(Beginning of Data)
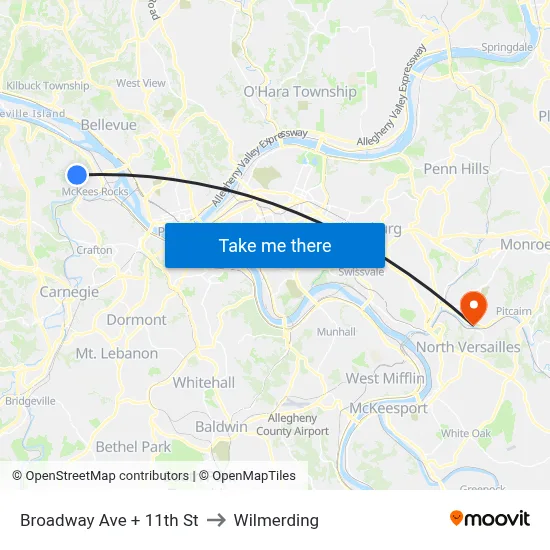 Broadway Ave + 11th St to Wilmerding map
(End of Data)
(Beginning of Data)
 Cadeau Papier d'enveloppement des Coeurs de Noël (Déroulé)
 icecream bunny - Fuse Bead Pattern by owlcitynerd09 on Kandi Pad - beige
(End of Data)
• **Exercise description**: Of the lines above, extract only those from the line with "Cadeau Papier d'enveloppement" to the line with "icecream bunny - Fuse", both included, exactly as written.

• **Your response**:
 Cadeau Papier d'enveloppement des Coeurs de Noël (Déroulé)
 icecream bunny - Fuse Bead Pattern by owlcitynerd09 on Kandi Pad - beige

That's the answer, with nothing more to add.